The venue for this week's US Open is like a "links course on steroids" according to Spain's Jon Rahm, who is one of the favourites for victory in just the fourth major championship of his career.
Although they always deny it, the United States Golf Association (USGA) want the US Open to be the toughest test for the world's best players, with the winning score close to level par.
That usually means narrow fairways, thick rough and quick greens and Erin Hills in Wisconsin looks to be no exception, with scare stories abounding about the knee-high fescue grass which lurks just a few feet off the fairways.
"I didn't step in it," Rahm admitted in a pre-tournament press conference. "There's no need to injure my wrist this week before I tee off.

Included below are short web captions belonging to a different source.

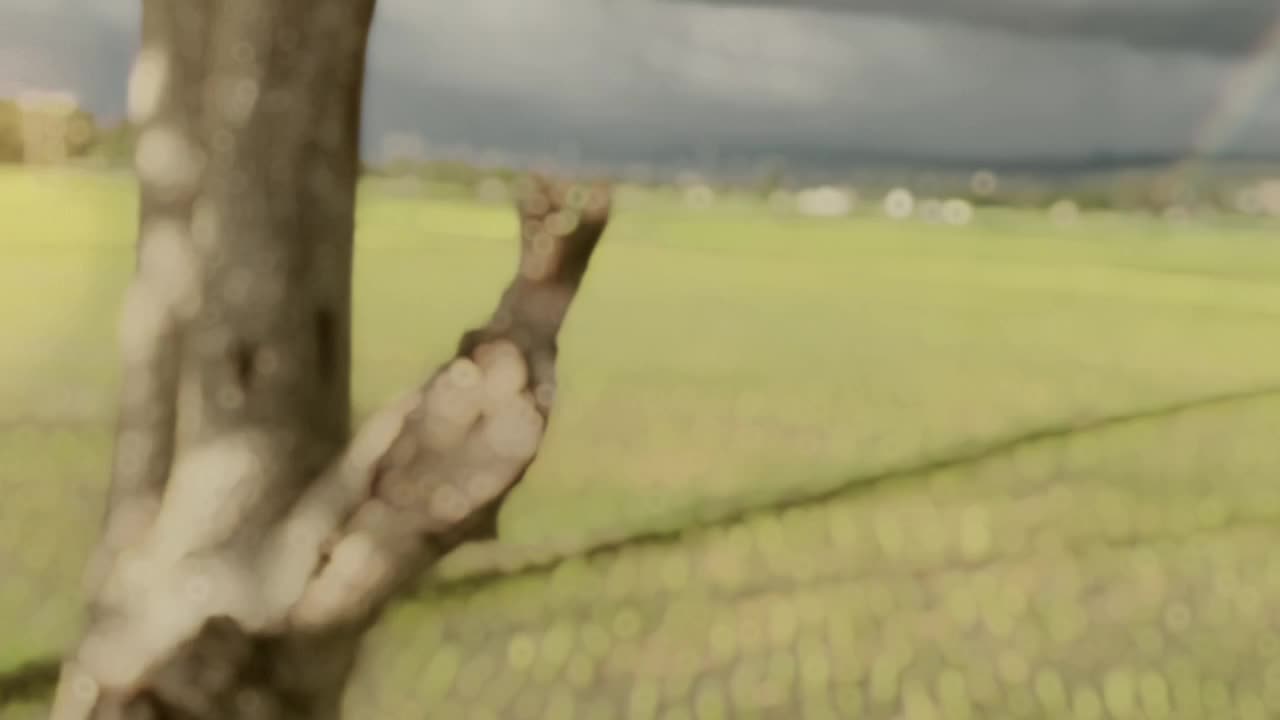 @Aᴍᴀʀɪᴢᴀ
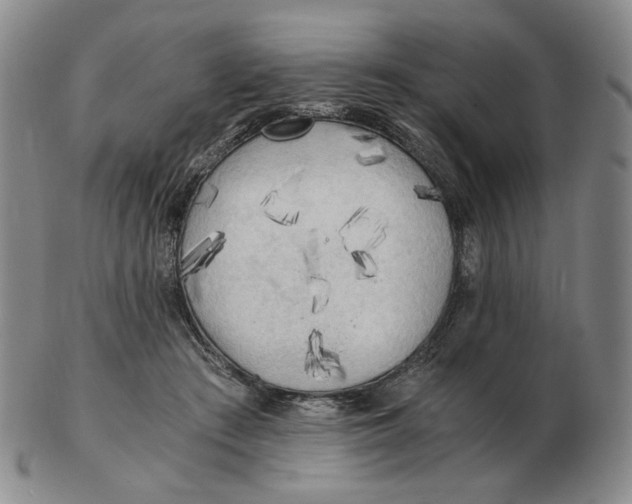 X0000103130409200809121736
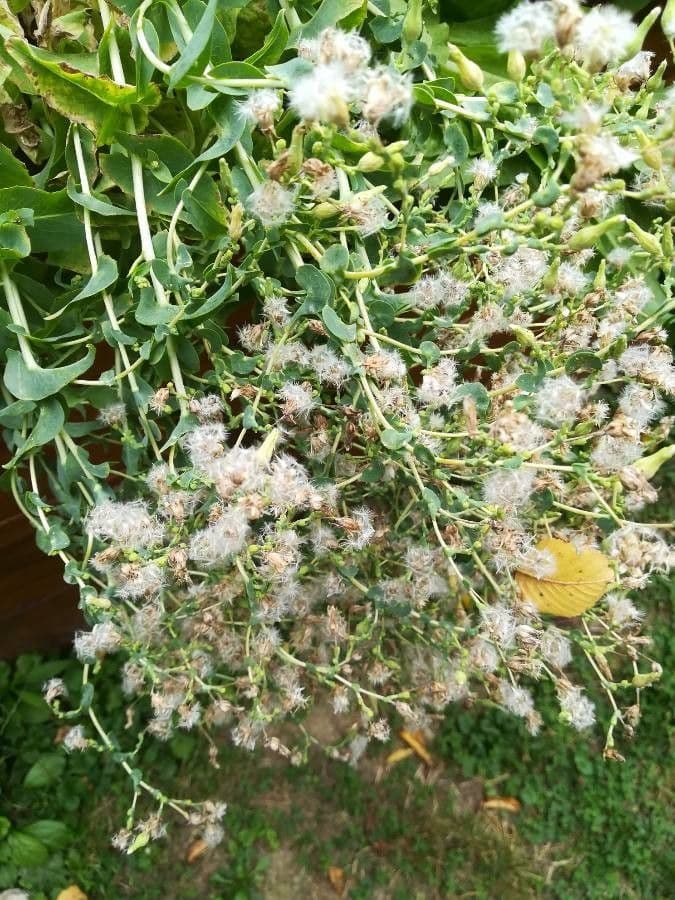 Lattuga 2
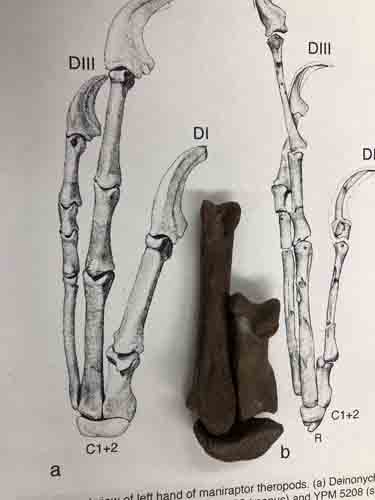 デイノニクス 右の手首から手の甲 （実物化石）　イェール・ピーボディ自然史博物館所蔵 　
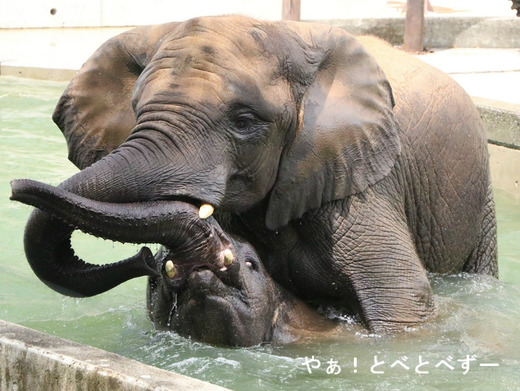 アフリカゾウ、アジアゾウ大好きブログ:やぁ!とべとべずー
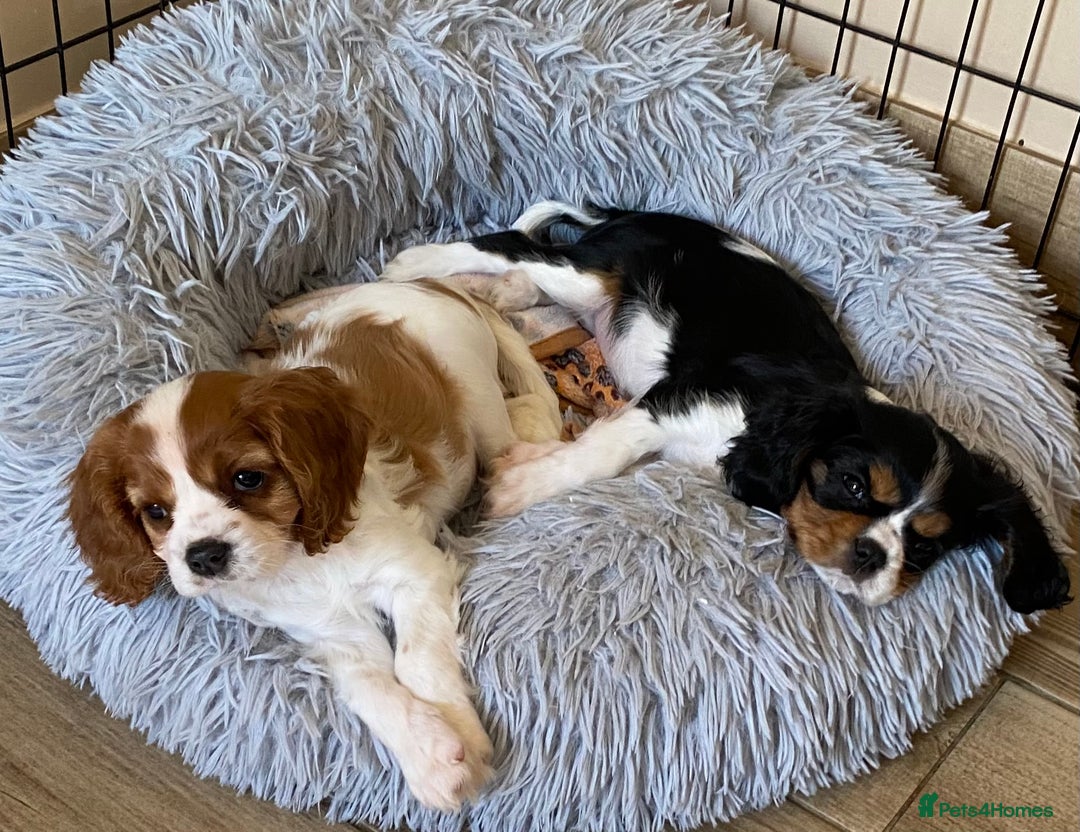 Cavalier King Charles Spaniel dogs for stud: KC DNA clear Cavalier King Charles Spaniel Stud - Image 5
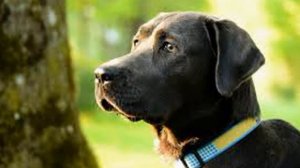 Собаки от А до Я. Лабрадор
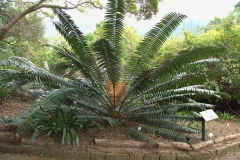 Encephalartos paucidentatus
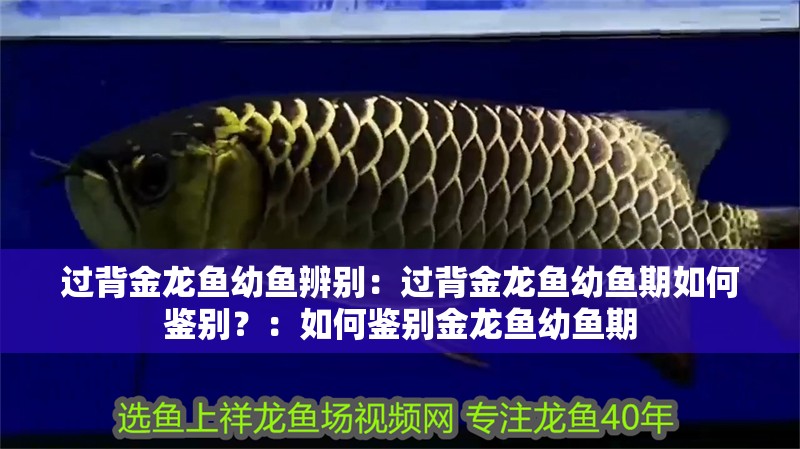 過背金龍魚幼魚辨別：過背金龍魚幼魚期如何鑒別？：如何鑒別金龍魚幼魚期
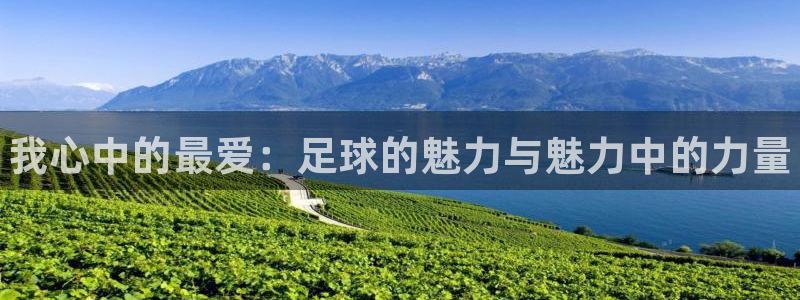 J9官方正版app神州:我心中的最爱:足球的魅力与魅力中的力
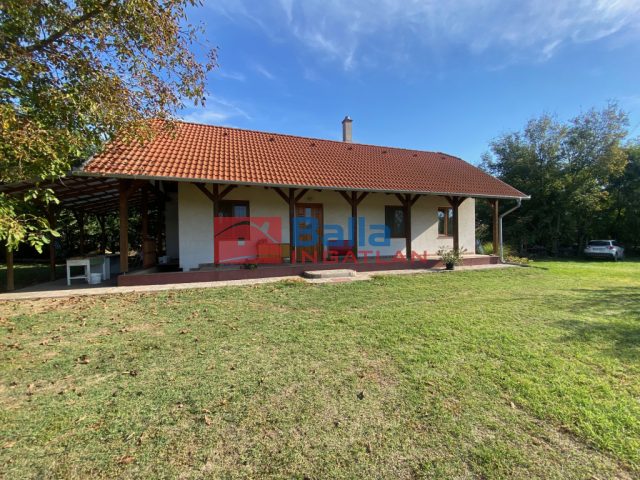 Kakucs, Világos Tanya,  Kakucstól 1,5 km, 11000 m²-es, mezőgazdasági ingatlan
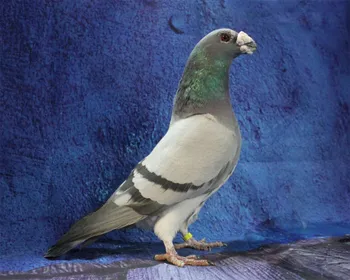 Породи голубів Драгун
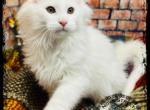 Red Collar - Maine Coon Cat For Sale - Wisconsin Rapids&comma; WI&comma; US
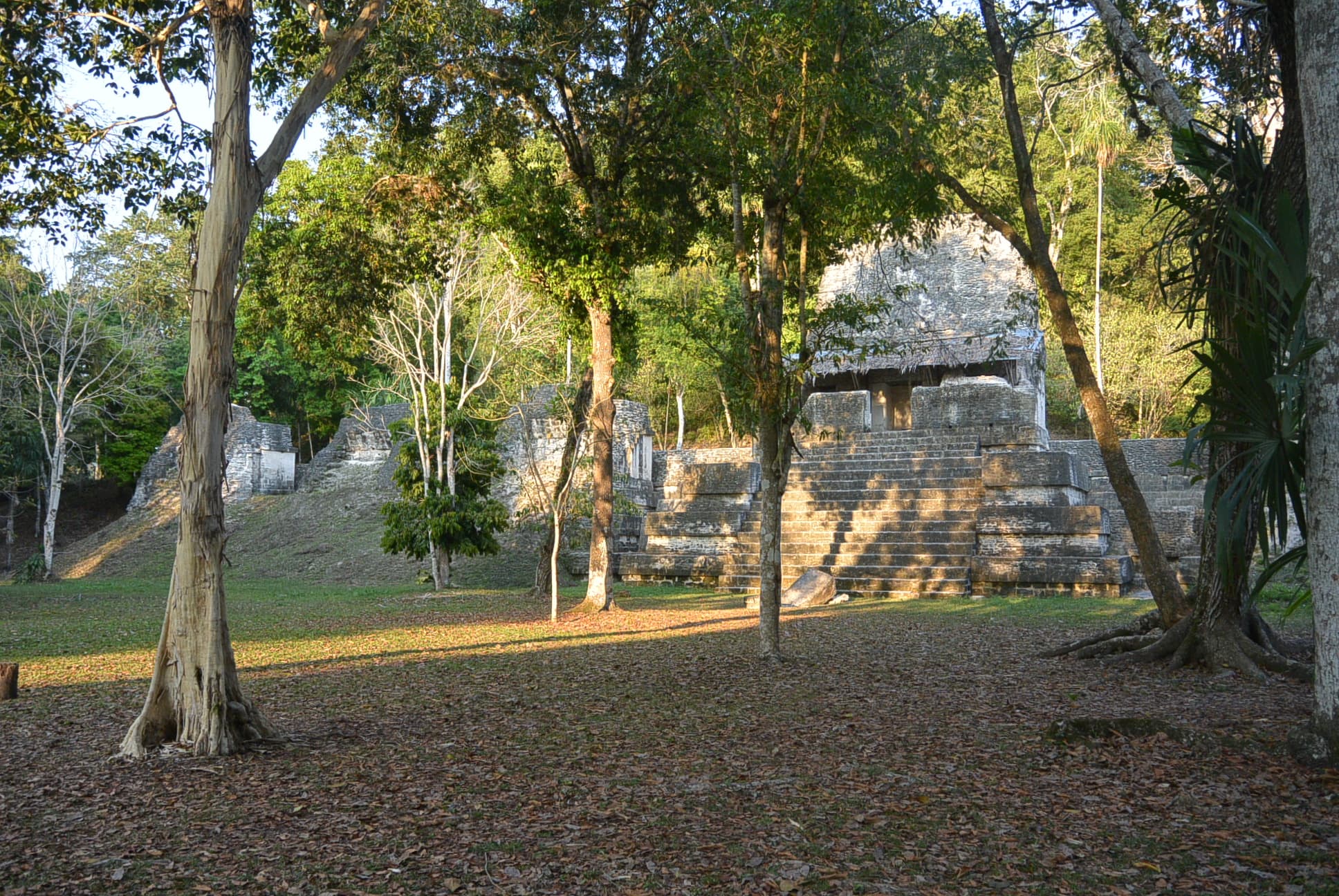 Vier der sieben Tempel im Wald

"It really looks very penalising. Unless you get extremely lucky where you might be able to move it 120 yards, it looks like a 30-yard chip out to the fairway.
"I think we've all seen the videos on social media that Kevin Na and Rickie Fowler and other players posted. It doesn't look easy to move out of there. It wouldn't surprise me if someone loses a ball and has to take an unplayable (lie)."
On Monday, Kevin Na recorded a video showing how difficult the course is. Just yards away from the edge of most fairways, lies waist-high fescue that looks unplayable.
Na has played in six US Opens and had a top-ten finish last year. He is not happy with the conditions.
At 7,741 yards, Erin Hills is the longest course in major history and the par-five 18th can stretch to 675 yards, although numerous tee boxes allow the course set-up to be varied every day depending on weather conditions.
"It's like a links golf course on steroids," added Rahm, who was the low amateur in a tie for 23rd at Oakmont last year. "Everything is a little bigger.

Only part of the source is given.